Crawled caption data
[Start of section]

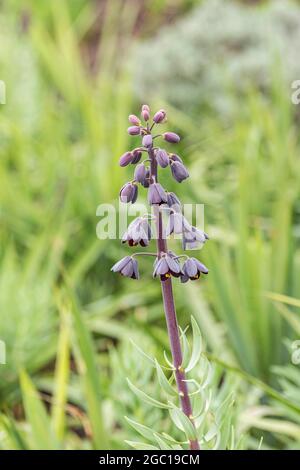 Persian fritillary (Fritillaria persica), blooming Banque D'Images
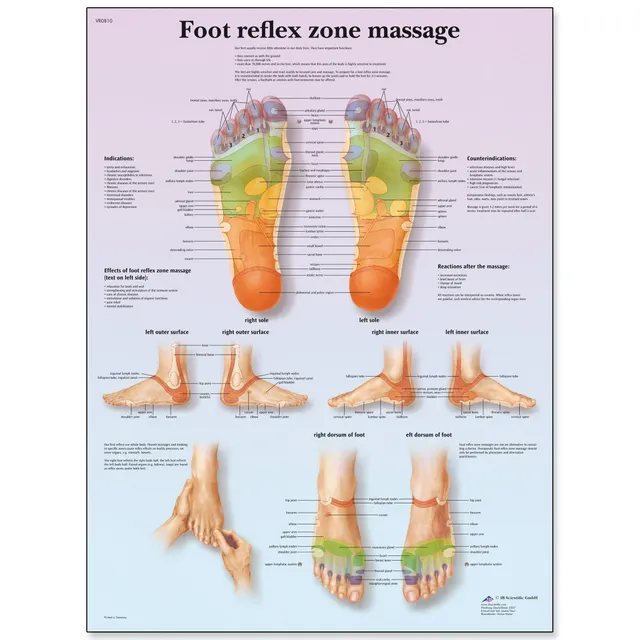 3b-scientific-fu-reflexzonenmassage-vr1810l-laminierte-lehrtafel image 1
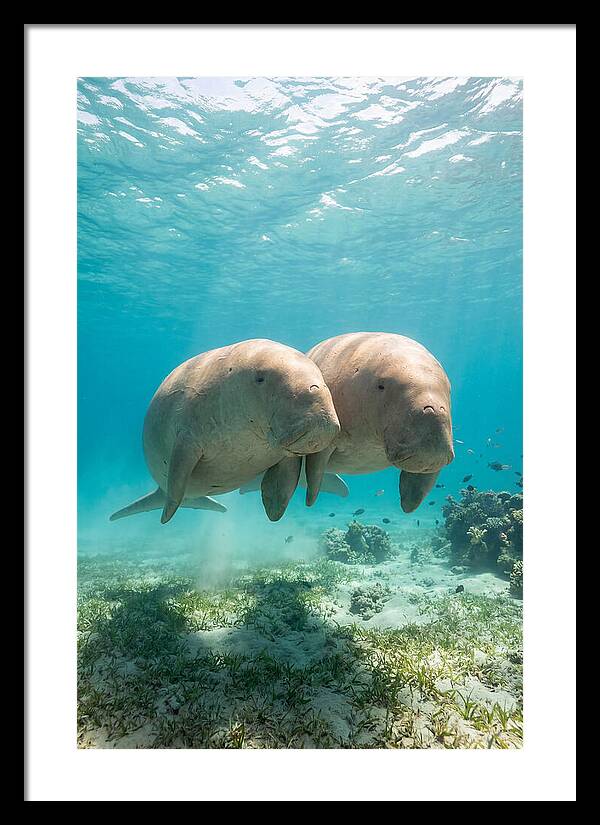 Dugong Duo Underwater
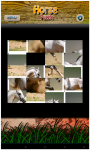 Horses Puzzles screenshot 2/2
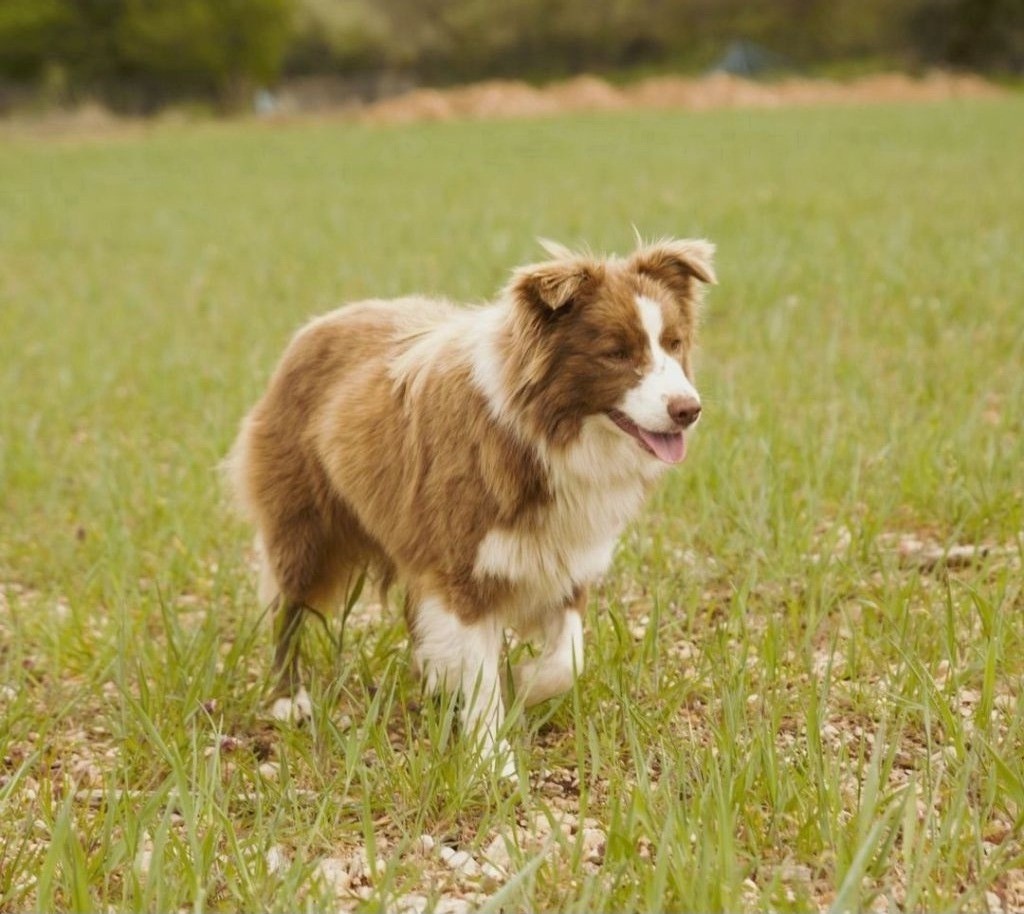 Les Border Collie de l'affixe Des Gardiens Du Camp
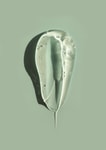 Aloe Gel Base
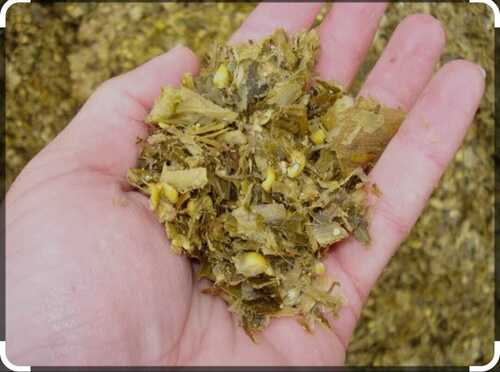 Natural Dried Corn Silage For Cattle Feed Use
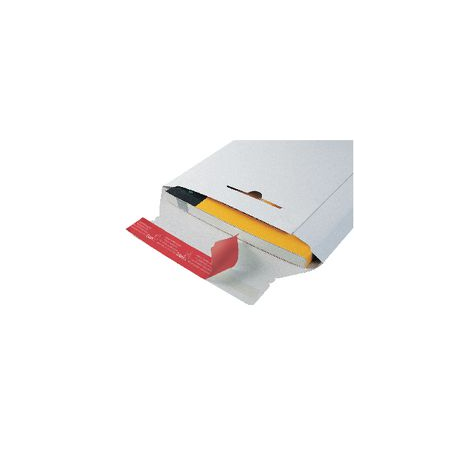 CF20 BUSTE A SACCO IN CART RIGIDO C4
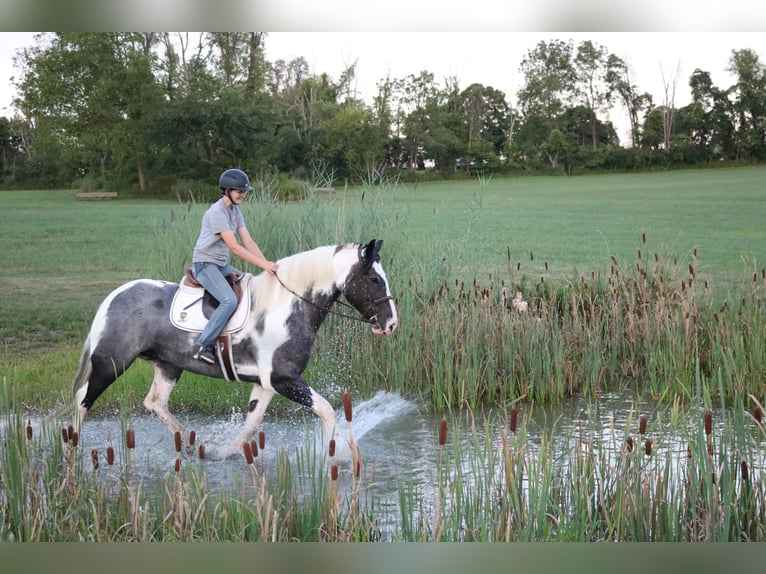 Arbeitspferd Mix Wallach 7 Jahre 170 cm Schecke in Perkasie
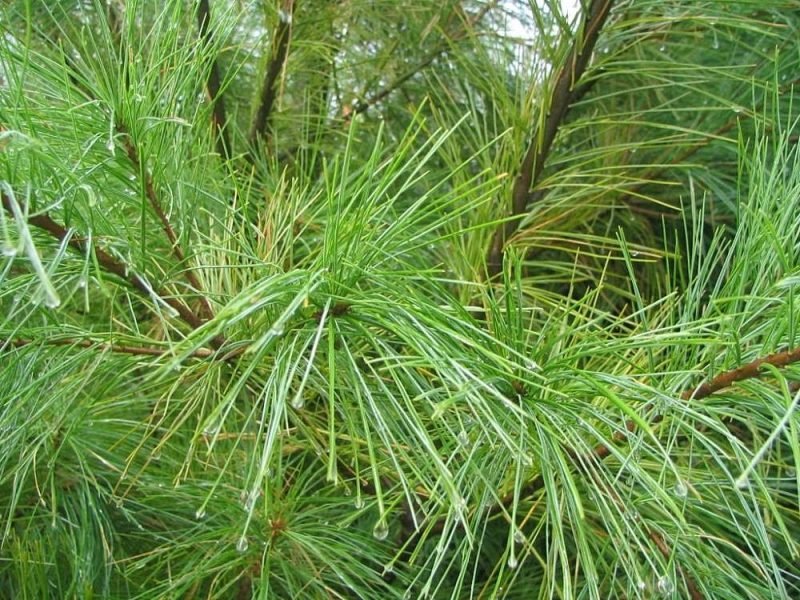 Weymouth pine (Pinus strobus)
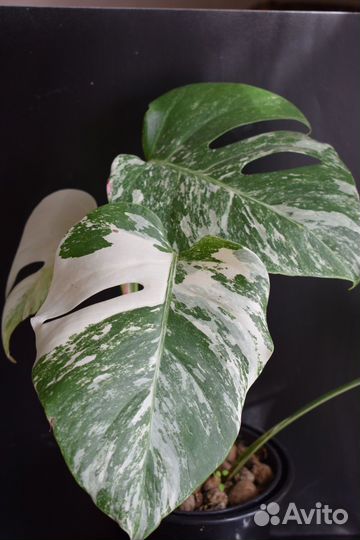 Монстера вариегатная Альба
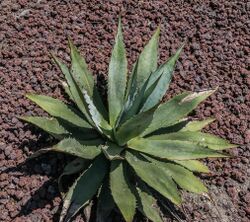 Agave chrysantha in Christchurch Botanic Gardens.jpg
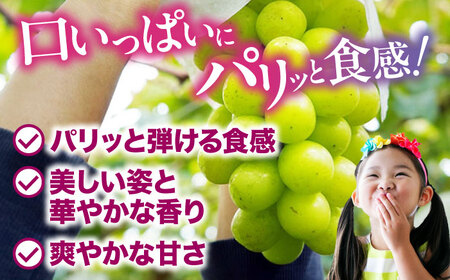 シャインマスカット【2026年8月中旬から順次発送】シャインマスカット2kg（4から6房）シャインマスカット[AGDB002]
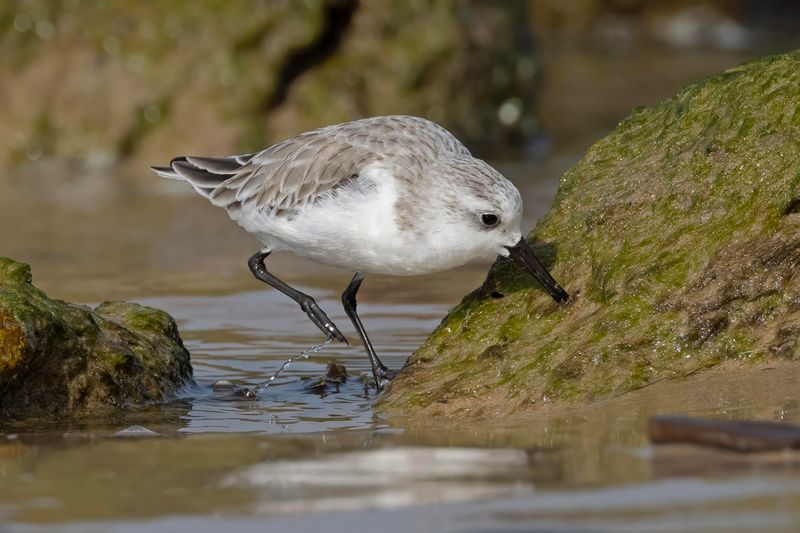 Sanderling  Senegal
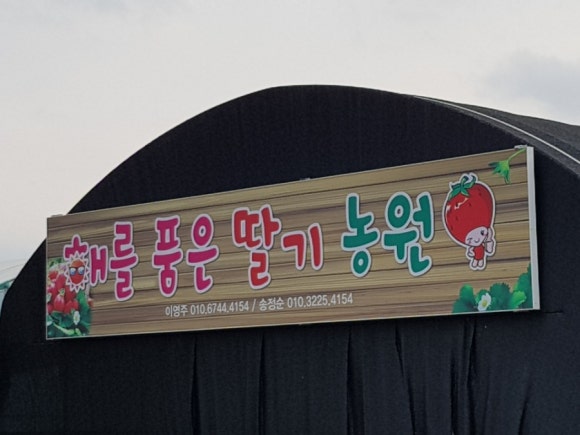 해를 품은 딸기농원 이미지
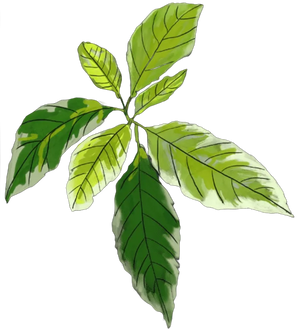 STEVIA GLYCOSIDES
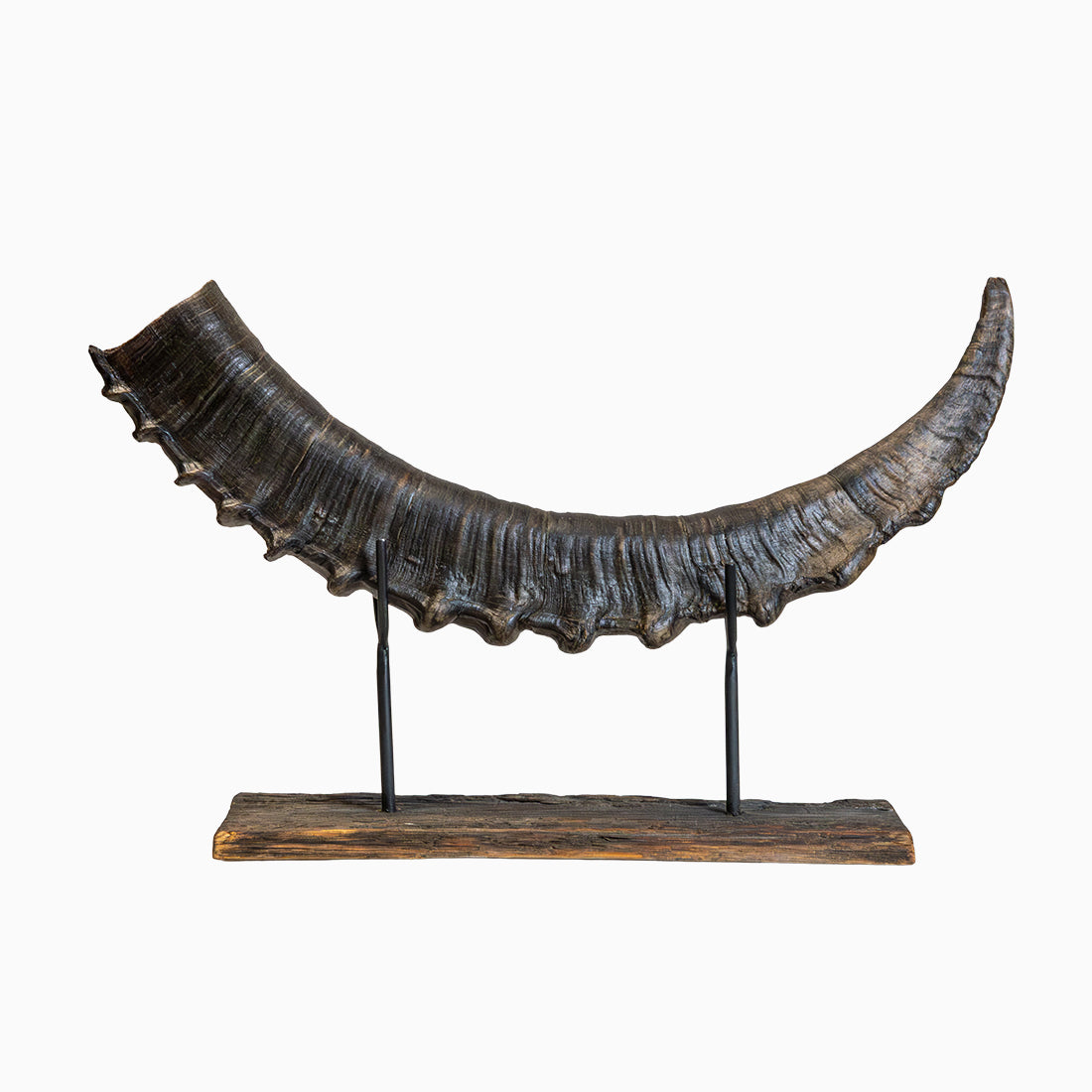 Steinbock-Horn "König der Alpen" dunkles Schwert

[End of section]

Try it: I need the lines from the one containing "Weymouth pine (Pinus strobus)" through the end of the records retyped exactly, with the pictures left out.

Exercise result:
 Weymouth pine (Pinus strobus)
 Монстера вариегатная Альба
 Agave chrysantha in Christchurch Botanic Gardens.jpg
 シャインマスカット【2026年8月中旬から順次発送】シャインマスカット2kg（4から6房）シャインマスカット[AGDB002]
 Sanderling  Senegal
 해를 품은 딸기농원 이미지
 STEVIA GLYCOSIDES
 Steinbock-Horn "König der Alpen" dunkles Schwert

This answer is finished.